**Exercise goal**
Nothing but the lines below, from the first through the line containing "4.2.11.1 Class Cyclostomata.", should be set down, each one exactly and without pictures.

**Supplied information**
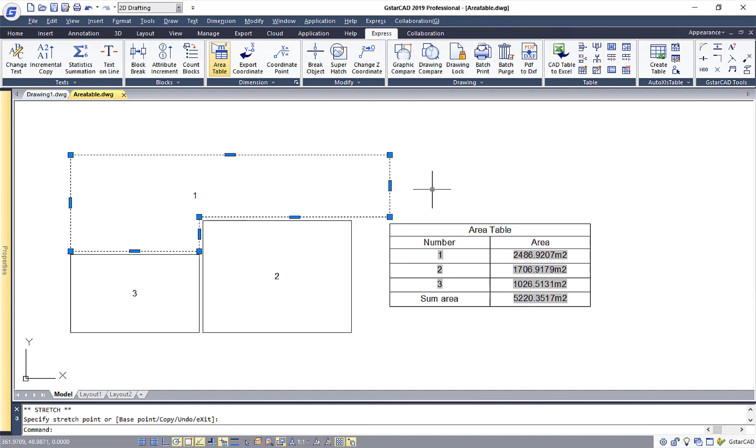To summarize, Area Table tool is able to calculate the area of any closed regions and updates automatically when shape has been changed.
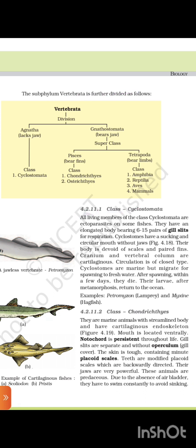4.2.11.1 Class Cyclostomata. All living members of class Cyclostomata are ectoparasites on some fishes. They have an elongated body bearing 6 to 15 pairs of gill slits for respiration. Cyclostomes have a sucking and circular mouth without jaws. Their body is devoid of scales and paired fins; cranium and vertebral column are cartilaginous. Circulation is of closed type. Cyclostomes are marine but migrate for spawning to freshwater. After spawning, within a few days, they die. Their larvae, after metamorphosis, return to the ocean. Examples: Petromyzon (lamprey) and Myxine (hagfish).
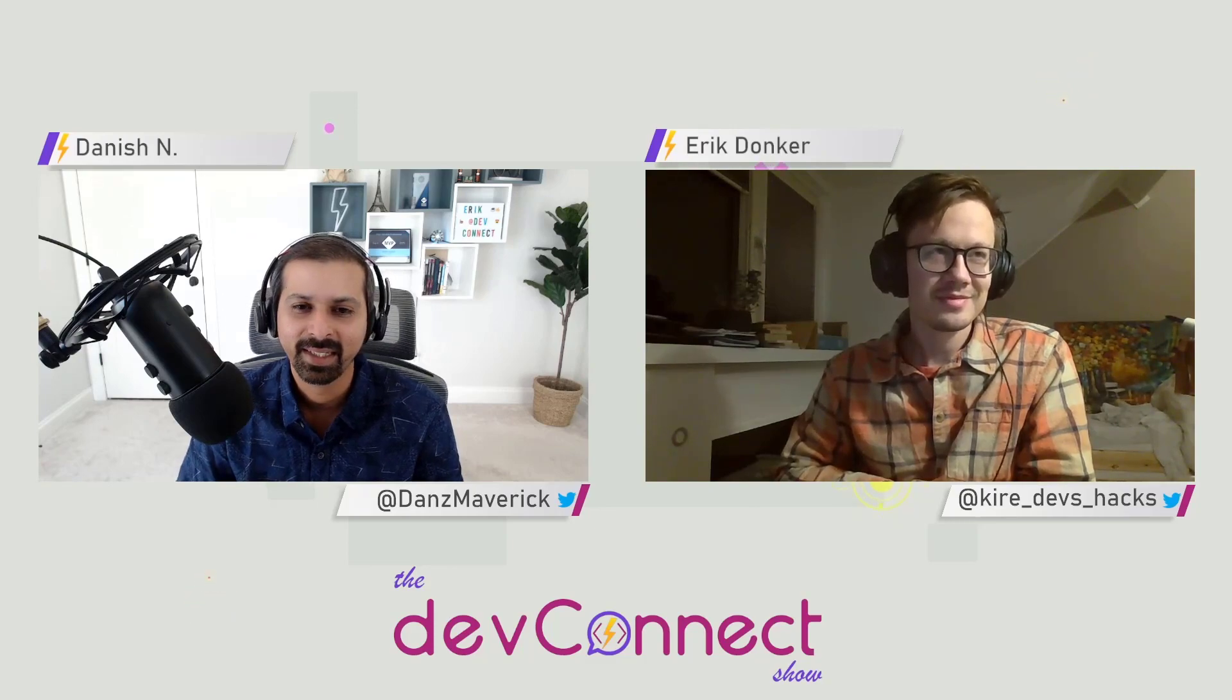Hello, Eric. How are you doing today? Hey, Danish. I'm doing fine. How are you? I'm doing good too. Thanks for being on my DevConnect show. And it seems like you're from Netherlands. I visited Netherlands in 2019 and I really loved it. We visited Amsterdam, Keukenhof, where the festival is there of the flowers. And then Volendam, Zaanse Schans, I really loved it.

**Reply to the task**
To summarize, Area Table tool is able to calculate the area of any closed regions and updates automatically when shape has been changed.
4.2.11.1 Class Cyclostomata. All living members of class Cyclostomata are ectoparasites on some fishes. They have an elongated body bearing 6 to 15 pairs of gill slits for respiration. Cyclostomes have a sucking and circular mouth without jaws. Their body is devoid of scales and paired fins; cranium and vertebral column are cartilaginous. Circulation is of closed type. Cyclostomes are marine but migrate for spawning to freshwater. After spawning, within a few days, they die. Their larvae, after metamorphosis, return to the ocean. Examples: Petromyzon (lamprey) and Myxine (hagfish).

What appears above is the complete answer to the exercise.